Differential scanning calorimetry is a thermo-analytical technique which is used to study phase transitions. DSC measurements are carried out for the pure I-Carrageenan and complex samples at a heating rate of 10 °C/min. The glass transition temperature (Tg) of pure I-Carrageenan and different concentrations of LiCl with 1.0 g I-Carrageenan are observed, and the corresponding thermograms are depicted in Fig. 3. The value of Tg for pure I-Carrageenan is observed as 51.27 °C from DSC analysis. With the addition of 0.2 g, 0.3 g and 0.4 g LiCl with 1.0 g I-Carrageenan polymer, the observed Tg values are 62.97 °C, 57.12 °C and 72.65 °C, respectively.

Fig. 3
figure 3

DSC thermograms of (a) pure I-Carrageenan, (b) 1.0 g I-Carrageenan:0.2 g LiCl, (c) 1.0 g I-Carrageenan:0.3 g LiCl and (d) 1.0 g I-Carrageenan:0.4 g LiCl

Normally it is preferred to have a low Tg value for flexibility in polymer backbone [31]. But, with the incorporation of LiCl, Tg increases in the present work. The reason for the increase in Tg value may be explained as follows. This behaviour may be interpreted due to the intermolecular and intra-molecular coordination between Li+ cations and ester oxygen atoms in the I-Carrageenan polymer [32, 33]. As a consequence, polymer segments may not able to rotate freely. Thus, there is reduction in segmental motion, and this may lead hardening in polymer chains. To conclude, the coordination between Li+ and oxygen atom binding decreases the flexibility of the polymer backbone. However, for the highest conducting polymer membrane of 1.0 g I-Carrageenan with 0.3 g LiCl, a slight low Tg is observed than 0.2 and 0.4 g LiCl composition. This may be due to the variation in degree of dipole interaction between the polymer chain segments. There may be reduction in dipole interaction for the polymer (0.3 g LiCl) than other two compositions which may facilitate the ease of chain segment rotation along the chain backbone. Hence, low Tg may occur. Even though Tg value of 0.3 g LiCl is lower than all other polymer compositions, the result is not so appreciable since its value is higher than pure sample. Moniha et al. have reported the similar behaviour of Tg value with increasing salt concentration [18].

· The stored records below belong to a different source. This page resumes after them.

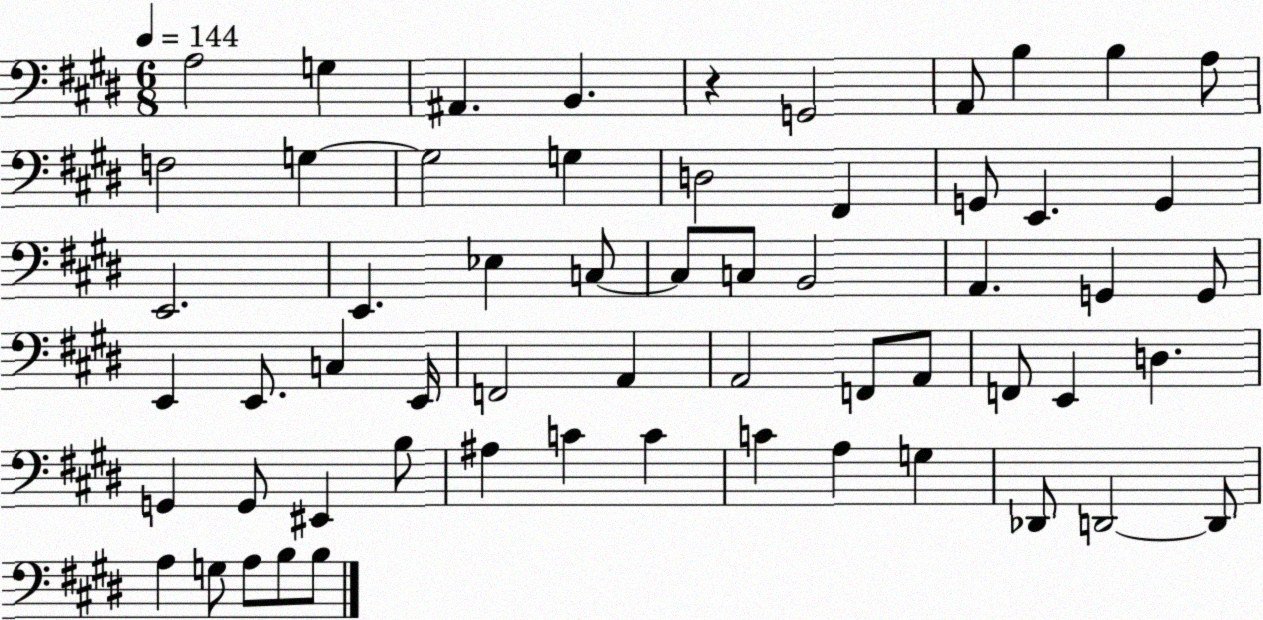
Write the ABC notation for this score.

X:1
T:Untitled
M:6/8
L:1/4
K:E
A,2 G, ^A,, B,, z G,,2 A,,/2 B, B, A,/2 F,2 G, G,2 G, D,2 ^F,, G,,/2 E,, G,, E,,2 E,, _E, C,/2 C,/2 C,/2 B,,2 A,, G,, G,,/2 E,, E,,/2 C, E,,/4 F,,2 A,, A,,2 F,,/2 A,,/2 F,,/2 E,, D, G,, G,,/2 ^E,, B,/2 ^A, C C C A, G, _D,,/2 D,,2 D,,/2 A, G,/2 A,/2 B,/2 B,/2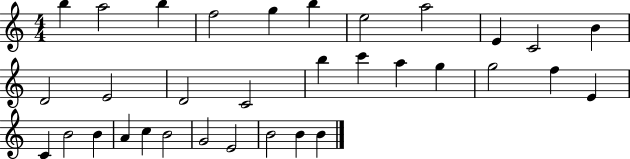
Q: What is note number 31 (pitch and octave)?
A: B4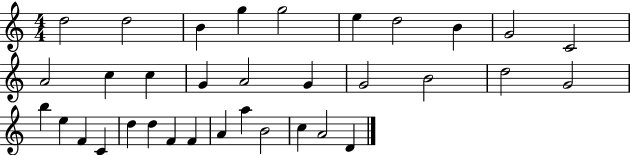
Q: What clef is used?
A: treble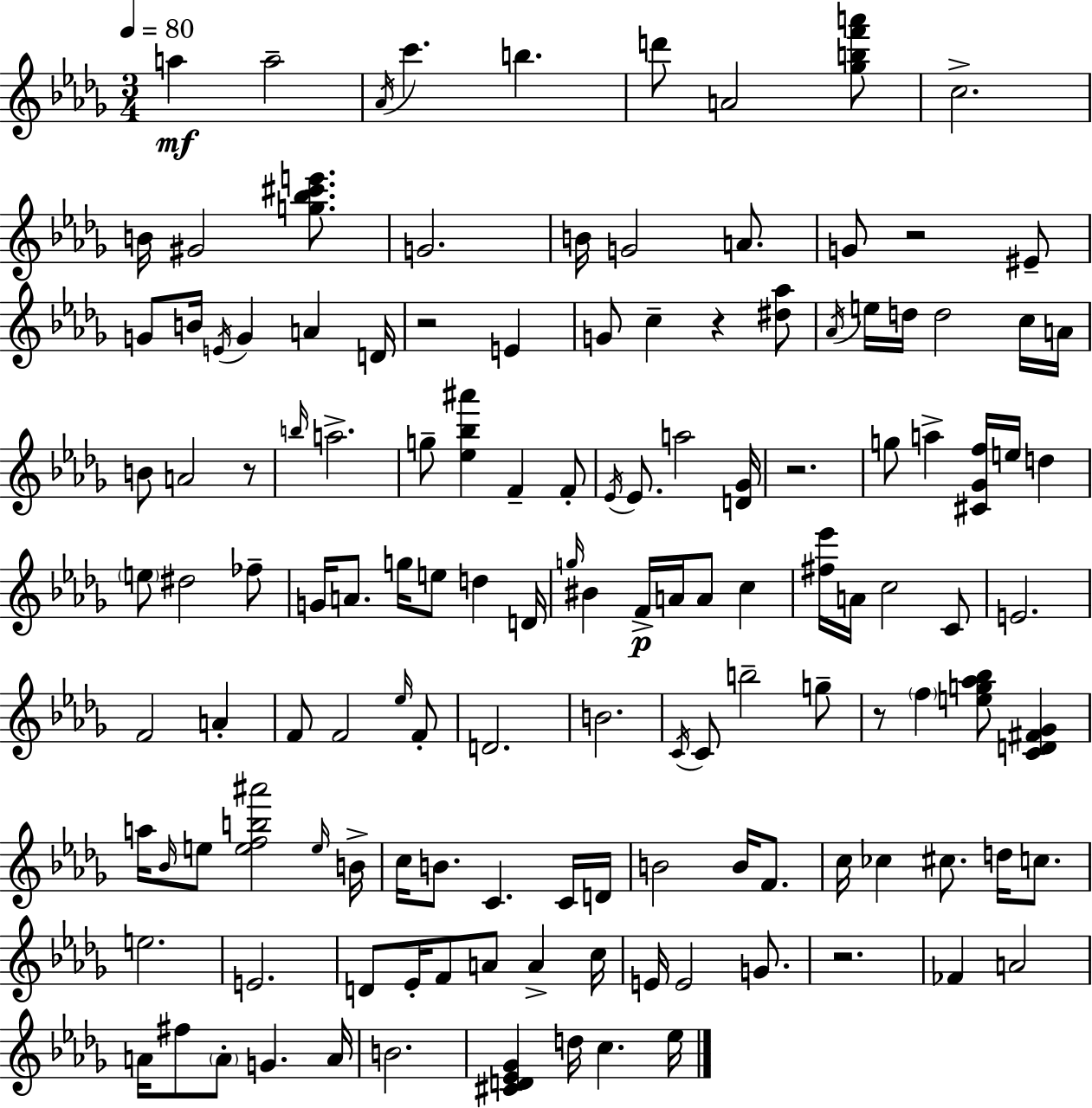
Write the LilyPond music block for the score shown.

{
  \clef treble
  \numericTimeSignature
  \time 3/4
  \key bes \minor
  \tempo 4 = 80
  a''4\mf a''2-- | \acciaccatura { aes'16 } c'''4. b''4. | d'''8 a'2 <ges'' b'' f''' a'''>8 | c''2.-> | \break b'16 gis'2 <g'' bes'' cis''' e'''>8. | g'2. | b'16 g'2 a'8. | g'8 r2 eis'8-- | \break g'8 b'16 \acciaccatura { e'16 } g'4 a'4 | d'16 r2 e'4 | g'8 c''4-- r4 | <dis'' aes''>8 \acciaccatura { aes'16 } e''16 d''16 d''2 | \break c''16 a'16 b'8 a'2 | r8 \grace { b''16 } a''2.-> | g''8-- <ees'' bes'' ais'''>4 f'4-- | f'8-. \acciaccatura { ees'16 } ees'8. a''2 | \break <d' ges'>16 r2. | g''8 a''4-> <cis' ges' f''>16 | e''16 d''4 \parenthesize e''8 dis''2 | fes''8-- g'16 a'8. g''16 e''8 | \break d''4 d'16 \grace { g''16 } bis'4 f'16->\p a'16 | a'8 c''4 <fis'' ees'''>16 a'16 c''2 | c'8 e'2. | f'2 | \break a'4-. f'8 f'2 | \grace { ees''16 } f'8-. d'2. | b'2. | \acciaccatura { c'16 } c'8 b''2-- | \break g''8-- r8 \parenthesize f''4 | <e'' g'' aes'' bes''>8 <c' d' fis' ges'>4 a''16 \grace { bes'16 } e''8 | <e'' f'' b'' ais'''>2 \grace { e''16 } b'16-> c''16 b'8. | c'4. c'16 d'16 b'2 | \break b'16 f'8. c''16 ces''4 | cis''8. d''16 c''8. e''2. | e'2. | d'8 | \break ees'16-. f'8 a'8 a'4-> c''16 e'16 e'2 | g'8. r2. | fes'4 | a'2 a'16 fis''8 | \break \parenthesize a'8-. g'4. a'16 b'2. | <cis' d' ees' ges'>4 | d''16 c''4. ees''16 \bar "|."
}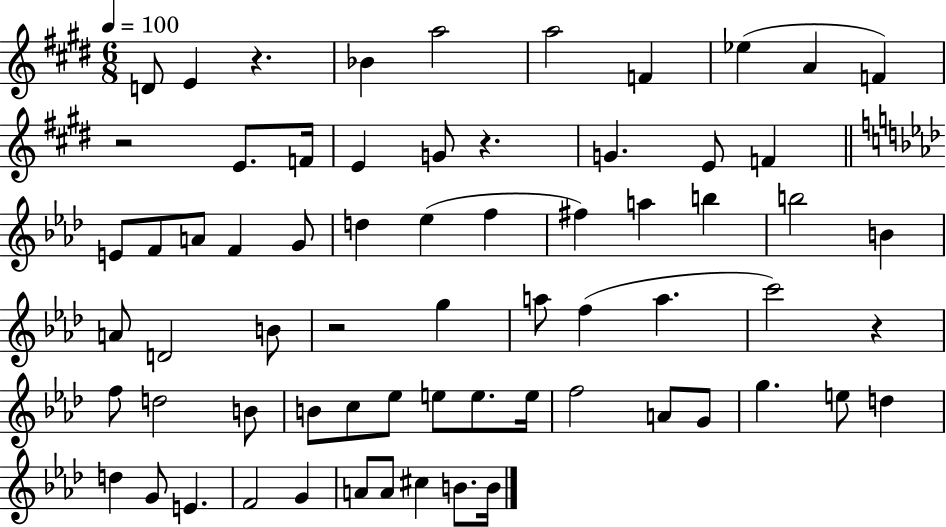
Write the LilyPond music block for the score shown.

{
  \clef treble
  \numericTimeSignature
  \time 6/8
  \key e \major
  \tempo 4 = 100
  d'8 e'4 r4. | bes'4 a''2 | a''2 f'4 | ees''4( a'4 f'4) | \break r2 e'8. f'16 | e'4 g'8 r4. | g'4. e'8 f'4 | \bar "||" \break \key aes \major e'8 f'8 a'8 f'4 g'8 | d''4 ees''4( f''4 | fis''4) a''4 b''4 | b''2 b'4 | \break a'8 d'2 b'8 | r2 g''4 | a''8 f''4( a''4. | c'''2) r4 | \break f''8 d''2 b'8 | b'8 c''8 ees''8 e''8 e''8. e''16 | f''2 a'8 g'8 | g''4. e''8 d''4 | \break d''4 g'8 e'4. | f'2 g'4 | a'8 a'8 cis''4 b'8. b'16 | \bar "|."
}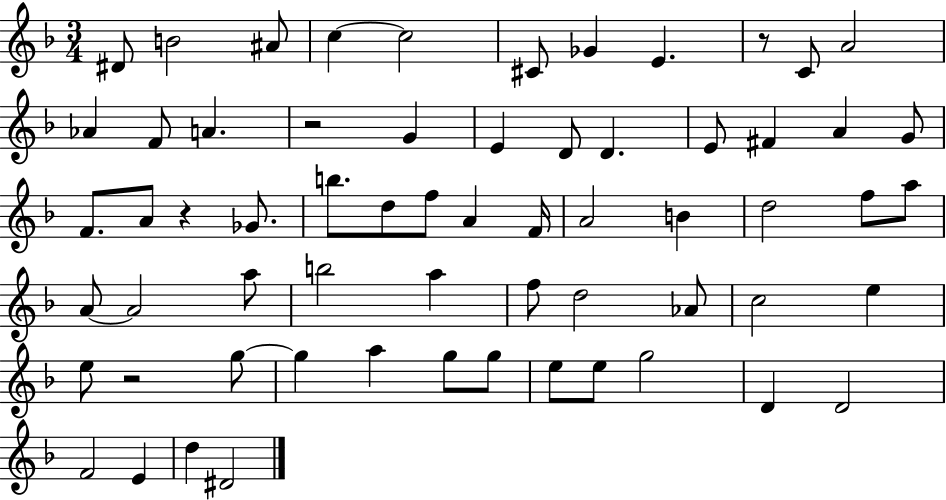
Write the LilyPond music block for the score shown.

{
  \clef treble
  \numericTimeSignature
  \time 3/4
  \key f \major
  dis'8 b'2 ais'8 | c''4~~ c''2 | cis'8 ges'4 e'4. | r8 c'8 a'2 | \break aes'4 f'8 a'4. | r2 g'4 | e'4 d'8 d'4. | e'8 fis'4 a'4 g'8 | \break f'8. a'8 r4 ges'8. | b''8. d''8 f''8 a'4 f'16 | a'2 b'4 | d''2 f''8 a''8 | \break a'8~~ a'2 a''8 | b''2 a''4 | f''8 d''2 aes'8 | c''2 e''4 | \break e''8 r2 g''8~~ | g''4 a''4 g''8 g''8 | e''8 e''8 g''2 | d'4 d'2 | \break f'2 e'4 | d''4 dis'2 | \bar "|."
}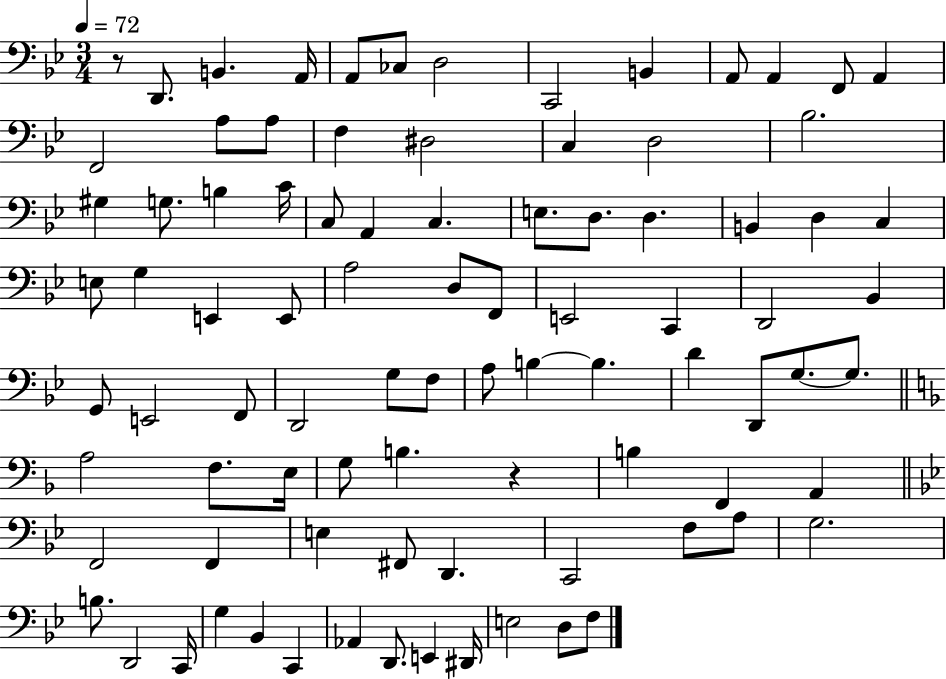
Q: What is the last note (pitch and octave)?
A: F3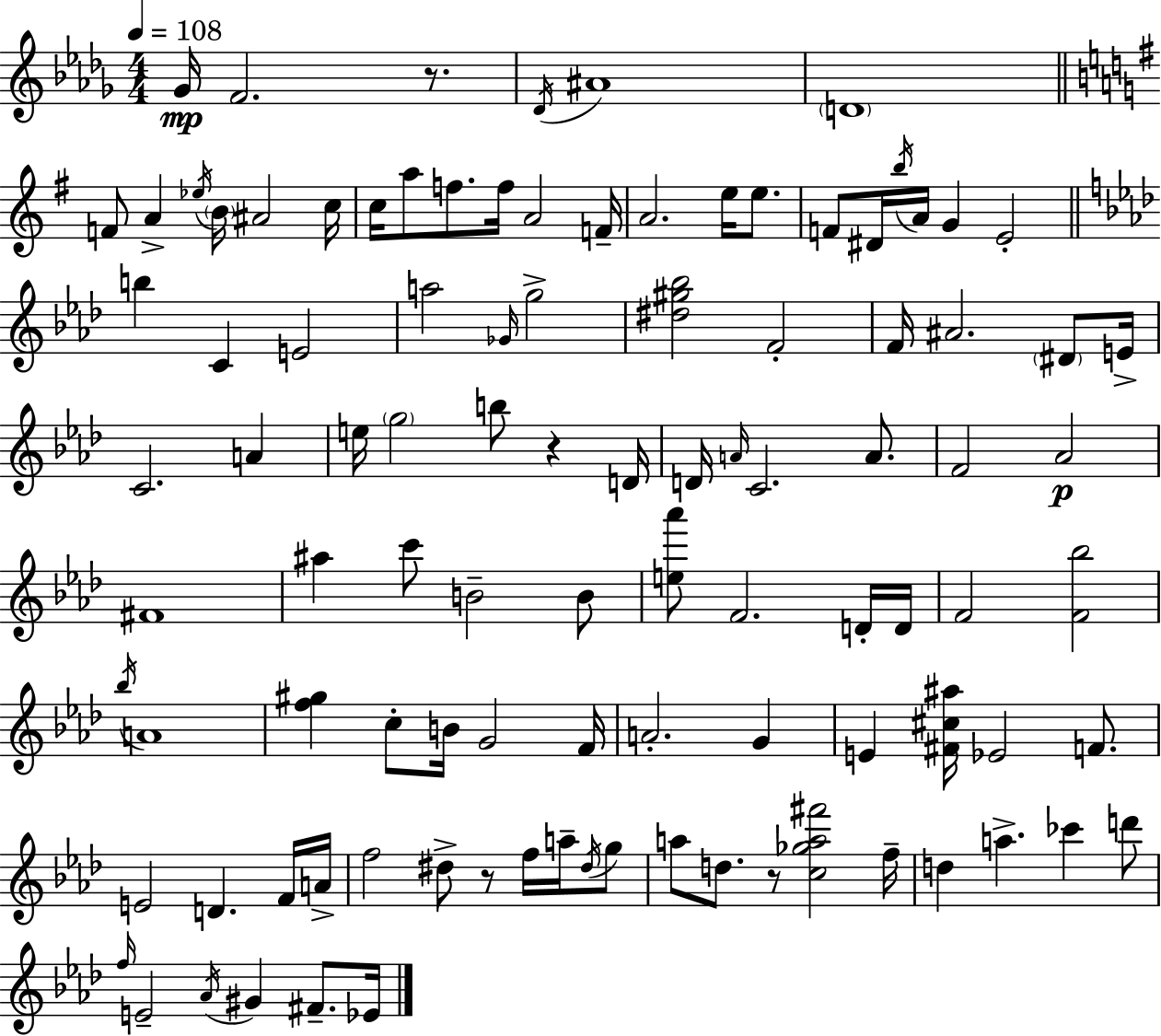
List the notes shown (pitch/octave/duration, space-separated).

Gb4/s F4/h. R/e. Db4/s A#4/w D4/w F4/e A4/q Eb5/s B4/s A#4/h C5/s C5/s A5/e F5/e. F5/s A4/h F4/s A4/h. E5/s E5/e. F4/e D#4/s B5/s A4/s G4/q E4/h B5/q C4/q E4/h A5/h Gb4/s G5/h [D#5,G#5,Bb5]/h F4/h F4/s A#4/h. D#4/e E4/s C4/h. A4/q E5/s G5/h B5/e R/q D4/s D4/s A4/s C4/h. A4/e. F4/h Ab4/h F#4/w A#5/q C6/e B4/h B4/e [E5,Ab6]/e F4/h. D4/s D4/s F4/h [F4,Bb5]/h Bb5/s A4/w [F5,G#5]/q C5/e B4/s G4/h F4/s A4/h. G4/q E4/q [F#4,C#5,A#5]/s Eb4/h F4/e. E4/h D4/q. F4/s A4/s F5/h D#5/e R/e F5/s A5/s D#5/s G5/e A5/e D5/e. R/e [C5,Gb5,A5,F#6]/h F5/s D5/q A5/q. CES6/q D6/e F5/s E4/h Ab4/s G#4/q F#4/e. Eb4/s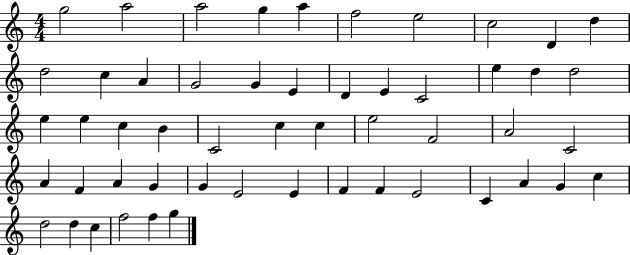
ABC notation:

X:1
T:Untitled
M:4/4
L:1/4
K:C
g2 a2 a2 g a f2 e2 c2 D d d2 c A G2 G E D E C2 e d d2 e e c B C2 c c e2 F2 A2 C2 A F A G G E2 E F F E2 C A G c d2 d c f2 f g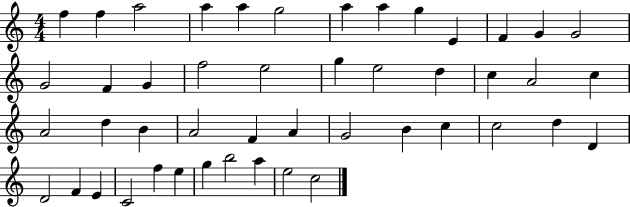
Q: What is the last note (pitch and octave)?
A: C5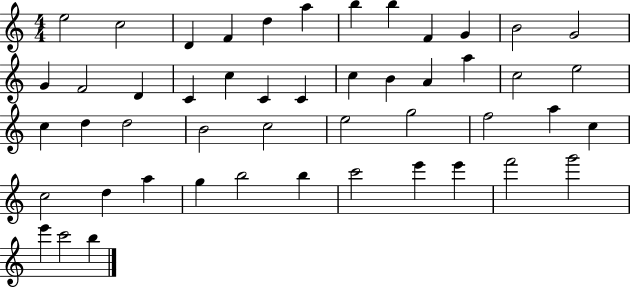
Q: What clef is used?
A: treble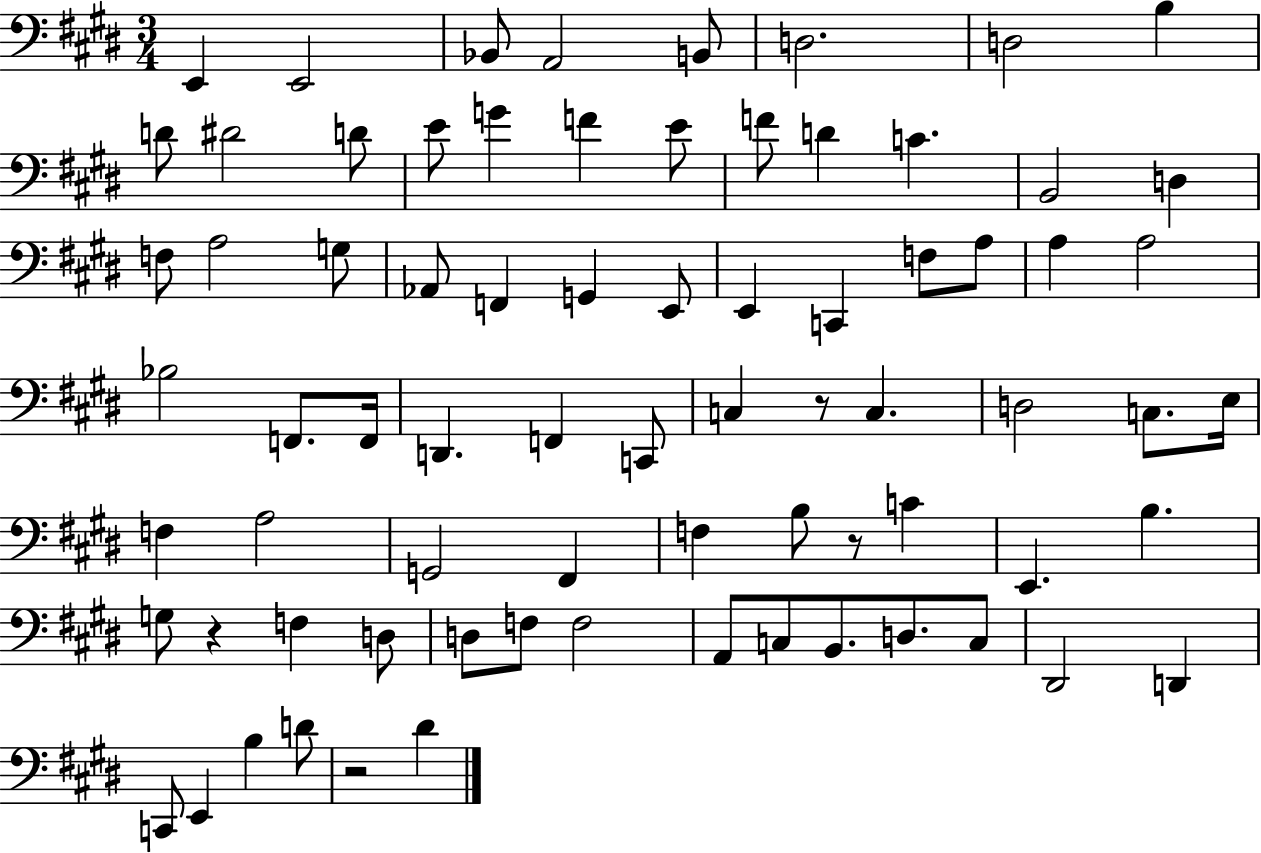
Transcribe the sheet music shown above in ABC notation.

X:1
T:Untitled
M:3/4
L:1/4
K:E
E,, E,,2 _B,,/2 A,,2 B,,/2 D,2 D,2 B, D/2 ^D2 D/2 E/2 G F E/2 F/2 D C B,,2 D, F,/2 A,2 G,/2 _A,,/2 F,, G,, E,,/2 E,, C,, F,/2 A,/2 A, A,2 _B,2 F,,/2 F,,/4 D,, F,, C,,/2 C, z/2 C, D,2 C,/2 E,/4 F, A,2 G,,2 ^F,, F, B,/2 z/2 C E,, B, G,/2 z F, D,/2 D,/2 F,/2 F,2 A,,/2 C,/2 B,,/2 D,/2 C,/2 ^D,,2 D,, C,,/2 E,, B, D/2 z2 ^D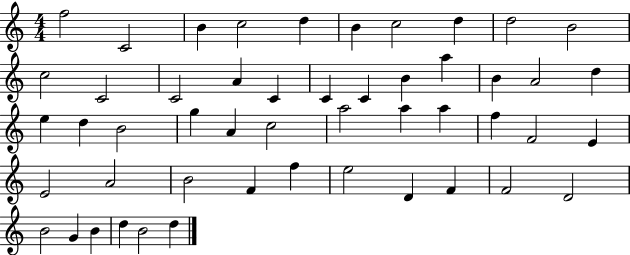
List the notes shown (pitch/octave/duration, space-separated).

F5/h C4/h B4/q C5/h D5/q B4/q C5/h D5/q D5/h B4/h C5/h C4/h C4/h A4/q C4/q C4/q C4/q B4/q A5/q B4/q A4/h D5/q E5/q D5/q B4/h G5/q A4/q C5/h A5/h A5/q A5/q F5/q F4/h E4/q E4/h A4/h B4/h F4/q F5/q E5/h D4/q F4/q F4/h D4/h B4/h G4/q B4/q D5/q B4/h D5/q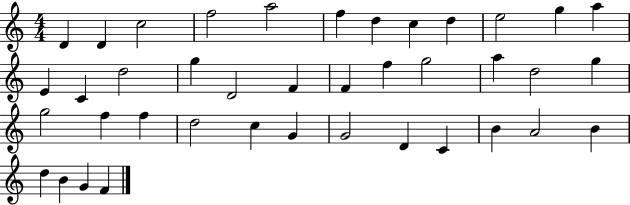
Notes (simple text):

D4/q D4/q C5/h F5/h A5/h F5/q D5/q C5/q D5/q E5/h G5/q A5/q E4/q C4/q D5/h G5/q D4/h F4/q F4/q F5/q G5/h A5/q D5/h G5/q G5/h F5/q F5/q D5/h C5/q G4/q G4/h D4/q C4/q B4/q A4/h B4/q D5/q B4/q G4/q F4/q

Calculation of crystallinity from DSC

The degree of crystallinity of the polymer electrolyte films is calculated from the enthalpy of fusion from the DSC curves, using the following equation [34]:

$$ \%\mathrm{of}\ \mathrm{crystallinity}=\frac{\varDelta {H}_m}{\varDelta {H}_m^p}\times 100\% $$

Hm is the enthalpy of the prepared polymer membrane and \( \varDelta {H}_m^p \) is the enthalpy of pure I-Carrageenan.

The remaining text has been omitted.